Однако тётушка за нами не особо следила, считая маленькими, и мы, частенько уходя за территорию лагеря, шатались по огромному сосновому лесу и наслаждались безграничной свободой – тянули кислый дым самокруток из дубовых листьев (гаванские сигары!), жгли костры, потрошили вдоль трассы телефонный кабель, выкусывая зубами разноцветные провода для радиолюбительских целей. И если по дороге в лагерь в автобусе следом за всеми нехотя пели: «Ах, картошка, объеденье, денье, денье, денье, / Пионеров идеал, ал, ал. / Тот не знает наслажденья, денья, денья, денья, / Кто картошки не едал, дал, дал», бредя по лесу, дружно выводили: «Как всегда, мы до ночи стояли с тобой. / Как всегда, было этого мало. / Как всегда, позвала тебя мама домой – / Я метнулся к вокзалу». Поскольку стоять да ещё до ночи нам было рановато, исполнялось всё это в виде хохмы и, чтобы скрыть друг от друга стыд вполне определённых желаний, мы, как идиоты, выкрикивали на весь лес конец припева – «Эей!» – и ржали как жеребцы. Далее этого дурацкого смеха комментарии не простирались. О том, что нам нравилась наша вожатая, не произносилось вообще. Была она старше года на три, с ответной на всякую шутку улыбкой, обнажавшей крепкие зубы, задорная, общительная, способная даже на ладан дышащего расшевелить.

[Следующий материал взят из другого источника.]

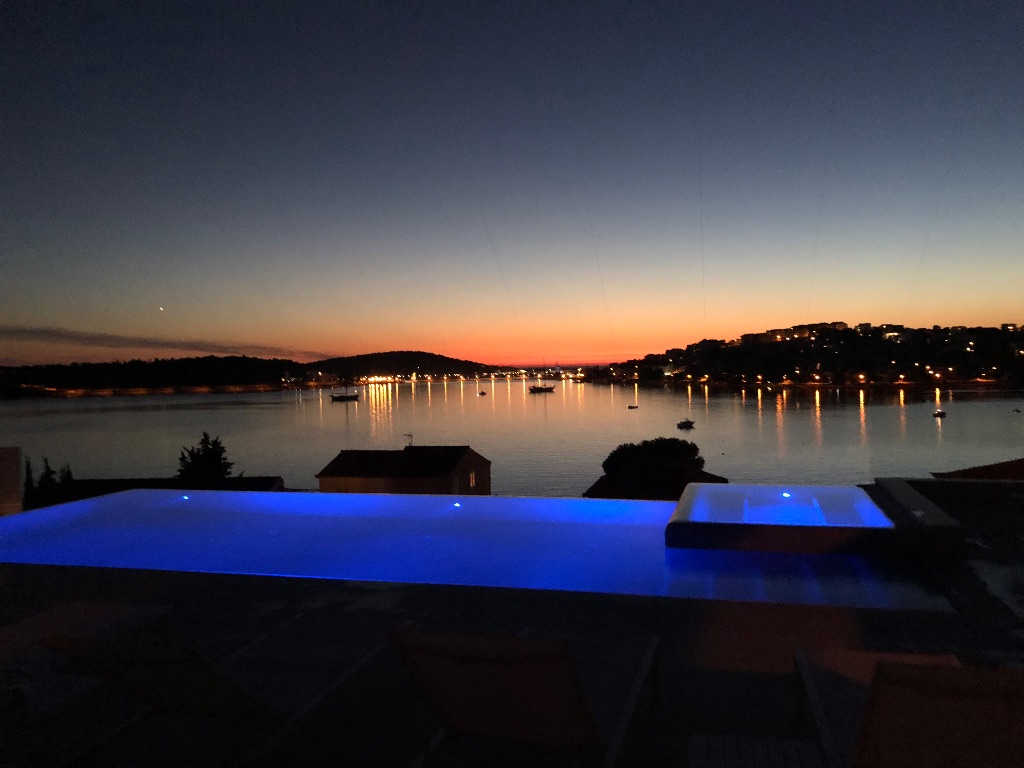 Pool mit Abendbeleuchtung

Но вот однажды приехал Женя – с надменностью в глазах, ворот рубашки стоечкой, что называется, увидел – и, уж не знаю каким образом, мы очутились в лесу вчетвером. И это бы ничего, и более многочисленные толпы по лесу бродят, да посмел, видите ли, при людях, то есть при нас, пусть хоть и брательник, положить нашему идолу левую руку на плечи, правая при этом незаметно махала в районе таза кому-то ладошкой – сваливайте, мол. Мы непонимающе оглядывались – кому это он знаки подаёт, вроде, никого тут из посторонних нет, только свои? И, с недоумением пожимая плечами, естественно, никуда сваливать не собирались, даже после того, как длань превратилась в кулак. И долго немолчный стрёкот кузнечиков и завораживающее пение птиц сопровождало наше торжественное шествие, пока, наконец, не пришли в лагерь, после чего обнаружить нас брату не удалось, но и совершить плохой поступок – тоже.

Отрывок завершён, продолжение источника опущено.